Superword level parallelism (SLP) is an advanced method of traditional vectorization that facilitates parallelism across loop iterations, SIMD, and basic blocks. Vectorization in this context is the process used to complete several similar tasks (or instructions) simultaneously, therefore saving processing time and resources.
Instruction-level parallelism (ILP), by comparison, measures the number of instructions (user or software-enabled requests) a computer can manage simultaneously for a specific process.
Unlike superword level parallelism, ILP cannot detect single instruction, multiple data (SIMD) or basic blocks. Modern computers almost universally contain the technology to process SIMD instructions using SLP, but it is most often visible when altering multimedia like images, audio, video, and 3D software.
Like vectorization, superword level parallelism is a method for achieving parallel processing. The proliferation of multimedia applications in devices has led to multimedia extensions on most existing microprocessors. With short SIMD instructions now commonplace on devices, instruction-level parallelism isn’t enough.
Developers can craft a compiler to detect superword level parallelism that targets blocks rather than loop nests, providing SIMD processing. In 2000, the Special Interest Group on Programming Languages tested SLP against standard vectorization and reported that SLP reduced dynamic instruction counts by 46%, and speedups ranged from 1.24 to 6.70.
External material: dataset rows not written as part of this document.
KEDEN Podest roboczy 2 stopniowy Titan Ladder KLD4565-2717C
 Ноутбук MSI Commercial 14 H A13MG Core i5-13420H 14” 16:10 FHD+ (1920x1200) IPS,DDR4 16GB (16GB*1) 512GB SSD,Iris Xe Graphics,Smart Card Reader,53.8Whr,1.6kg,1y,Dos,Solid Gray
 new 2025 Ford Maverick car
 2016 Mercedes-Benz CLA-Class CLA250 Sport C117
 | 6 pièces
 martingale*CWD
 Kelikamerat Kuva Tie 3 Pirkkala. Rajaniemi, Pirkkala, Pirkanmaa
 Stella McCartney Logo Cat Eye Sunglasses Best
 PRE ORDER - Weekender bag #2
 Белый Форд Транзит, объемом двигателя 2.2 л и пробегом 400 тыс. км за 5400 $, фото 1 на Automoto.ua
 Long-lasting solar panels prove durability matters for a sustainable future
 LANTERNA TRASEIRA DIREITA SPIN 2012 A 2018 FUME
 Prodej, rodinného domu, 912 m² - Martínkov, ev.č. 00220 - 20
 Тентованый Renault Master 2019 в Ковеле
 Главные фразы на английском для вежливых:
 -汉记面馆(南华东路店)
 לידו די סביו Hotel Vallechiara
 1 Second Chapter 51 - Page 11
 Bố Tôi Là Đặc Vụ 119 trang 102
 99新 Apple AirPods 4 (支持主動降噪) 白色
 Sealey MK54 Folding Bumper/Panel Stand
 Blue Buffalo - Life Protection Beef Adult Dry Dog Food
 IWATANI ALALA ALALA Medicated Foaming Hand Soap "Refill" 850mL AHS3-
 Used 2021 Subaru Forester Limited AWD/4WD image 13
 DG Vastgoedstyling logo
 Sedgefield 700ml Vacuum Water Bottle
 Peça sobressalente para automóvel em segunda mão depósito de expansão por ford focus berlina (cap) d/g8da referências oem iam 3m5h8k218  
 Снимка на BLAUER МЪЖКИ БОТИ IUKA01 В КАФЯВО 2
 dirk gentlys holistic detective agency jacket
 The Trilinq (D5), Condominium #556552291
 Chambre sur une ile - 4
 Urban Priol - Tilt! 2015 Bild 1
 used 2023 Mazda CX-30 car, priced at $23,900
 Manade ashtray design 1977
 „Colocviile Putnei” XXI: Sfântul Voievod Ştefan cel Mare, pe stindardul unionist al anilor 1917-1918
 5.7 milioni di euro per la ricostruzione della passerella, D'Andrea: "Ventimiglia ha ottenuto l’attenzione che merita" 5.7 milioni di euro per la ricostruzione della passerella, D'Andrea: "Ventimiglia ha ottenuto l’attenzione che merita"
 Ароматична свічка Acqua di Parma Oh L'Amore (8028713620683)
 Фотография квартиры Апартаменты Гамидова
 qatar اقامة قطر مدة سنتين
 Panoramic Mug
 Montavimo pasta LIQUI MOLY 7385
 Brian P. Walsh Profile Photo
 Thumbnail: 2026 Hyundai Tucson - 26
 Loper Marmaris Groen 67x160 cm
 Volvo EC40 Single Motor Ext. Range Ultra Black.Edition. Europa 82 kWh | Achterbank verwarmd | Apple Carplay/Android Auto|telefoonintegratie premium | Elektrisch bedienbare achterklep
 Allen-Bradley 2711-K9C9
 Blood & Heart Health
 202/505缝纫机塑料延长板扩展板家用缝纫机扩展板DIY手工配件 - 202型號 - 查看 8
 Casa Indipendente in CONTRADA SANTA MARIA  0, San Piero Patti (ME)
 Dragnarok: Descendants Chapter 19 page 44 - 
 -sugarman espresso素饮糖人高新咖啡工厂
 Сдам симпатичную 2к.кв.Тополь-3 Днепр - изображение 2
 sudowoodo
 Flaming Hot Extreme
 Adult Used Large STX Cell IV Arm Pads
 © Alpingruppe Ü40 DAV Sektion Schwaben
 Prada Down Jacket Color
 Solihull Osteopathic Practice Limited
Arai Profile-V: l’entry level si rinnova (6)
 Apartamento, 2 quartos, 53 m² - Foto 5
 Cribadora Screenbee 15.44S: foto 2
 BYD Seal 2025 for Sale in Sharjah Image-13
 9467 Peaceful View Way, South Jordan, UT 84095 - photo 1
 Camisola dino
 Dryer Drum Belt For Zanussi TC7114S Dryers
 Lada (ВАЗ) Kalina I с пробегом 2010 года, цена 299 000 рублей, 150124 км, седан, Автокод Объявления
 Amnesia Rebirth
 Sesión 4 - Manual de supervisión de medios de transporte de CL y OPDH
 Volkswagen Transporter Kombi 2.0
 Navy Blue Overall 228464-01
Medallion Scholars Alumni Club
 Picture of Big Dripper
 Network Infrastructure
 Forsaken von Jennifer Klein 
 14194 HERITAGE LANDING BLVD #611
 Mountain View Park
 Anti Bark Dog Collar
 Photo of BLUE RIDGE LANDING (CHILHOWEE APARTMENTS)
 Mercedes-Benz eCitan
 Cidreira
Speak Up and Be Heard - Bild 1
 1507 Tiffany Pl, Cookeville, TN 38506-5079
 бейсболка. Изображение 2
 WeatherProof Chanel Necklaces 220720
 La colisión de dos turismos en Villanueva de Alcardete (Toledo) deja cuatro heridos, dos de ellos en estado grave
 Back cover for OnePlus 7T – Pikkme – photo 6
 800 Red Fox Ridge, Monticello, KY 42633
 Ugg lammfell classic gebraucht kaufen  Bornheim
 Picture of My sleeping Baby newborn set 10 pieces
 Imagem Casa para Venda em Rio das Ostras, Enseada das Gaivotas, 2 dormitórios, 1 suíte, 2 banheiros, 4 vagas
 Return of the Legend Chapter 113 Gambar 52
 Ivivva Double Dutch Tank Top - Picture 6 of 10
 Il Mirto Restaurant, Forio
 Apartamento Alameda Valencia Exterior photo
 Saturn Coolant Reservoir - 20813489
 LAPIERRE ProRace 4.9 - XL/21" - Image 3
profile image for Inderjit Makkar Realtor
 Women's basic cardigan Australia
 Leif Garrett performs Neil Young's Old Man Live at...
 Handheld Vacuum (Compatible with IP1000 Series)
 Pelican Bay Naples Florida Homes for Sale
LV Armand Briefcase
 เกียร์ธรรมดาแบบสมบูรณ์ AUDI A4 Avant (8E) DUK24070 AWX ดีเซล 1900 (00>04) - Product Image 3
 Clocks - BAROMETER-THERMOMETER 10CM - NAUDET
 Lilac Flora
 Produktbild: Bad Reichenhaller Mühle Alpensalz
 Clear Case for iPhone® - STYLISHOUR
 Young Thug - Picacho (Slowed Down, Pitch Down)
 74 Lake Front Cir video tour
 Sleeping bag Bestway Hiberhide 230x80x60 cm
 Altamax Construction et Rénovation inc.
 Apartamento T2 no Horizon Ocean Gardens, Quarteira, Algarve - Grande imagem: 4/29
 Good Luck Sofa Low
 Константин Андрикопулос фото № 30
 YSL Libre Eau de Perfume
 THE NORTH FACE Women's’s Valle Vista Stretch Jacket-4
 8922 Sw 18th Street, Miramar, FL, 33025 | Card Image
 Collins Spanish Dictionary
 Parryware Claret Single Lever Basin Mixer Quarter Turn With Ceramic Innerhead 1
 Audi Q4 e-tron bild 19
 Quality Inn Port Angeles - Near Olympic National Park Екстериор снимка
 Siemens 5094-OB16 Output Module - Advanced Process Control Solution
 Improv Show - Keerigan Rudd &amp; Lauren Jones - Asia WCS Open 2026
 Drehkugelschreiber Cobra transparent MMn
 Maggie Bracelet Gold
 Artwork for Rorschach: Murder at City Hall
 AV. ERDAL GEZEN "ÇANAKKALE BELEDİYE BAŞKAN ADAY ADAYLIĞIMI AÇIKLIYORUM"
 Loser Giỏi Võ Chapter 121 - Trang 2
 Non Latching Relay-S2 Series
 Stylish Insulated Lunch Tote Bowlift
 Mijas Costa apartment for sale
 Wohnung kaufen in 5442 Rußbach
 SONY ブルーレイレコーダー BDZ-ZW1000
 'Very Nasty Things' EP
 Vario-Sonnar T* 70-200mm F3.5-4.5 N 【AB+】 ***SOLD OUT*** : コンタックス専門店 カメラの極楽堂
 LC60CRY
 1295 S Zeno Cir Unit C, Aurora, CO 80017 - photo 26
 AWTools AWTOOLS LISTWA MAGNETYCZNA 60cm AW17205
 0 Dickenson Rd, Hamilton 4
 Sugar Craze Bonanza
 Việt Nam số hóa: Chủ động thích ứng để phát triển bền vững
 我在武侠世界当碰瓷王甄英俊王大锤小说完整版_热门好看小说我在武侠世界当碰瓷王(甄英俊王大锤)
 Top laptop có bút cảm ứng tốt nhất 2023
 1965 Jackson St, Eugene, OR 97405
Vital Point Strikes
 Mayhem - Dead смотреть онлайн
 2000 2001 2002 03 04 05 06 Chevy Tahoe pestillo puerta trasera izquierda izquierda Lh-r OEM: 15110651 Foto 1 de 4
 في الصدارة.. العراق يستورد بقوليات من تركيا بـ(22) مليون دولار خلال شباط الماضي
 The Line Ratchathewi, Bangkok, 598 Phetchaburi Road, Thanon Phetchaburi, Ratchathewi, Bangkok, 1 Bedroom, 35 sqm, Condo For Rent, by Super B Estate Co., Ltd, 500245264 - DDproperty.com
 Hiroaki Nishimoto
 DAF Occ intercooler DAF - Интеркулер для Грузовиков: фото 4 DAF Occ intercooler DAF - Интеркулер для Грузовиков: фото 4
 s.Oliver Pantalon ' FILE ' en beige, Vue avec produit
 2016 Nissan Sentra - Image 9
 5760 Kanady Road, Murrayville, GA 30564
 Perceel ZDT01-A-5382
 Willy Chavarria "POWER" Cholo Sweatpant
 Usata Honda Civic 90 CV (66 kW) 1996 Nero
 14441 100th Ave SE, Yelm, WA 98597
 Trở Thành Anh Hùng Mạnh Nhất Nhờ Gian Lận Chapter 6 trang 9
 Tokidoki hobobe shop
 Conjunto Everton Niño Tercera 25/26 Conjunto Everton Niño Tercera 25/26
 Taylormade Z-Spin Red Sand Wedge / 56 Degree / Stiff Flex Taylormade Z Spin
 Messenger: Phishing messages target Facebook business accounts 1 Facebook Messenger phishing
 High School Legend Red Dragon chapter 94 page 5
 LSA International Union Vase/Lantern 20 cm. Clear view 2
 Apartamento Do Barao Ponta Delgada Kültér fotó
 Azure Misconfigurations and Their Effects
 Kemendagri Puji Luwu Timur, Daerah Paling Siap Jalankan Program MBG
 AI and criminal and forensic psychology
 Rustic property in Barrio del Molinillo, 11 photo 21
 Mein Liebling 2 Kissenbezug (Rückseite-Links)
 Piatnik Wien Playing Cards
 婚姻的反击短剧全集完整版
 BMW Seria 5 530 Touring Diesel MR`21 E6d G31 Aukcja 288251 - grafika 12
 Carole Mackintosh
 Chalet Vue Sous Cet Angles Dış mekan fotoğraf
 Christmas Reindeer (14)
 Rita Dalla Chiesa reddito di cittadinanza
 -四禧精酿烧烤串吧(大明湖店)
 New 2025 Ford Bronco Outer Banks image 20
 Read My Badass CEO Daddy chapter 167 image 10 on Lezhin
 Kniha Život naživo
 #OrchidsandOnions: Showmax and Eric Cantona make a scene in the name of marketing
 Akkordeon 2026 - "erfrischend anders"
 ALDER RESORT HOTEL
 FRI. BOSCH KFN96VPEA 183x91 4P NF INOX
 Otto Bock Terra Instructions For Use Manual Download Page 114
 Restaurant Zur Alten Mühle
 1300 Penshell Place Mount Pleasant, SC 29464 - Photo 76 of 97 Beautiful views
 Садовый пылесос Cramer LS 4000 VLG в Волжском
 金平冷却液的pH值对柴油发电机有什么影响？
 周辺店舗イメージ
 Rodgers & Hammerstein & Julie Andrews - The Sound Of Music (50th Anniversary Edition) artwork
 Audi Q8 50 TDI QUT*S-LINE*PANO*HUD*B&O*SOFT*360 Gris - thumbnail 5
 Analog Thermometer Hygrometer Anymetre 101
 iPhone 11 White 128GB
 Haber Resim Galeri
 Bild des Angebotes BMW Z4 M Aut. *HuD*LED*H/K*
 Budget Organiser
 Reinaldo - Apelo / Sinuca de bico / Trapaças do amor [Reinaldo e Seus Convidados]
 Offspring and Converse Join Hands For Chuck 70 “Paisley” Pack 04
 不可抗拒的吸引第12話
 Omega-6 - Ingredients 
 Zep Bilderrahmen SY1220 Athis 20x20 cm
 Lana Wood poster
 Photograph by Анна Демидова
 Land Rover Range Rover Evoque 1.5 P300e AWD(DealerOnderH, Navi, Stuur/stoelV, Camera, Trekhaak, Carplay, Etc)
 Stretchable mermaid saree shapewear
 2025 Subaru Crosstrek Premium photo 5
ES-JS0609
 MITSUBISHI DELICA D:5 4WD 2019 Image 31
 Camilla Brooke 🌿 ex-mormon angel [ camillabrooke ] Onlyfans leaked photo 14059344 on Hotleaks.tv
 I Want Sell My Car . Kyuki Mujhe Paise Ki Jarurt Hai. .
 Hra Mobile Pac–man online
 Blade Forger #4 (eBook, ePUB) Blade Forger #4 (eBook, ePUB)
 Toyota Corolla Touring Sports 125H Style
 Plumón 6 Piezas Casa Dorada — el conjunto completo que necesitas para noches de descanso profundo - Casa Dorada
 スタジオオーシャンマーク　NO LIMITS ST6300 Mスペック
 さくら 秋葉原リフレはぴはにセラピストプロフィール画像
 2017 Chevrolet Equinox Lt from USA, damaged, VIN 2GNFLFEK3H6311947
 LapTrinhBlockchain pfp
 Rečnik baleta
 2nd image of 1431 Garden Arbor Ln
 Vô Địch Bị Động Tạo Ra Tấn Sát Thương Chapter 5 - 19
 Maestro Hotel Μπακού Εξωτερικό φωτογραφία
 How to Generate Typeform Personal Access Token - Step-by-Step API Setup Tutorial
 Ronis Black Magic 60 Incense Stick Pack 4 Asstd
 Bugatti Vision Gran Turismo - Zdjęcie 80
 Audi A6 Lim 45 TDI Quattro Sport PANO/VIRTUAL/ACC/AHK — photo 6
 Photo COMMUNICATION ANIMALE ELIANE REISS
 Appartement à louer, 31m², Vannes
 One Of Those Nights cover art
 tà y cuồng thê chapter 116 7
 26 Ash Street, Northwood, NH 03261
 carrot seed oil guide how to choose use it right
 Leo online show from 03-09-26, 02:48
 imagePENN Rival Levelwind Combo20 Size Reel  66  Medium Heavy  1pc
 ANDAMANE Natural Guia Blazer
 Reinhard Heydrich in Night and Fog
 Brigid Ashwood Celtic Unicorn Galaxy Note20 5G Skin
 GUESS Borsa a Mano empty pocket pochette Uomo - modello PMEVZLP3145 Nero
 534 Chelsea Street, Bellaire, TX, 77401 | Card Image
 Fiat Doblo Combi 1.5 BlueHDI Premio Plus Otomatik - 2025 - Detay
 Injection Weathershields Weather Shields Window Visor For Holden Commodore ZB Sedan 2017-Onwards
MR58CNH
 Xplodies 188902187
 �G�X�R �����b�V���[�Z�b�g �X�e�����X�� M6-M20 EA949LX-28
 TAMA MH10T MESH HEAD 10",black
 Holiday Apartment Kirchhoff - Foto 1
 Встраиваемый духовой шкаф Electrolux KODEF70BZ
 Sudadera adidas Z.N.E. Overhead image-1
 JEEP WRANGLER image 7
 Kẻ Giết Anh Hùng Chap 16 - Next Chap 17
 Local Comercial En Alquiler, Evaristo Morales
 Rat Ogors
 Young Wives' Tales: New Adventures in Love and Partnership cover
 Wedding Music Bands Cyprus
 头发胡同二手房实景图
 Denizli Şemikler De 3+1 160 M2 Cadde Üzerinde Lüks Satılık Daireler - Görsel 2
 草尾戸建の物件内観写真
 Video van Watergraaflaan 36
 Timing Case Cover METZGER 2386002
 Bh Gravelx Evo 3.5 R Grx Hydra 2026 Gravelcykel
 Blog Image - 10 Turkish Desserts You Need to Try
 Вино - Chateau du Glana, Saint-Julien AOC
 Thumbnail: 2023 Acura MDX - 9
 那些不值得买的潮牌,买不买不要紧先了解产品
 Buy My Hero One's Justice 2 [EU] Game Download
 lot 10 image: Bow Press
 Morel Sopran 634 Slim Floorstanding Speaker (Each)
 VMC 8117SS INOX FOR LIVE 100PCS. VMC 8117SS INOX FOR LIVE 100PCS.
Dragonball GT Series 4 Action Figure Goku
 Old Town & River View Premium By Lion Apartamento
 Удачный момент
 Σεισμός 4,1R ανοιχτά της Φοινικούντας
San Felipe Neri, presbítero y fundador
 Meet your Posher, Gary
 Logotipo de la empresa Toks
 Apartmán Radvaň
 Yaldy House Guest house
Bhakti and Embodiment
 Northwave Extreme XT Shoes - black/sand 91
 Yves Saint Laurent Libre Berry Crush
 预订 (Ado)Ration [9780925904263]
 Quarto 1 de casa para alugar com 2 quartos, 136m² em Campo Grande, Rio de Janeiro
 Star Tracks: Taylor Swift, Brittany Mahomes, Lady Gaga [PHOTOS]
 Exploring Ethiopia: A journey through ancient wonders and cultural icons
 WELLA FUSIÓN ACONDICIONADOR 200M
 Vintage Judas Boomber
Superword level parallelism is also referred to as a loop unrolling technique because it optimizes loop processing at the cost of its program code. Referred to as the space-time tradeoff, deploying SLP can dramatically reduce the time needed to complete instruction and requires more binary space. The heavier, space-consuming code can facilitate SLP, but the result could result in more instruction cache misses and reduced performance.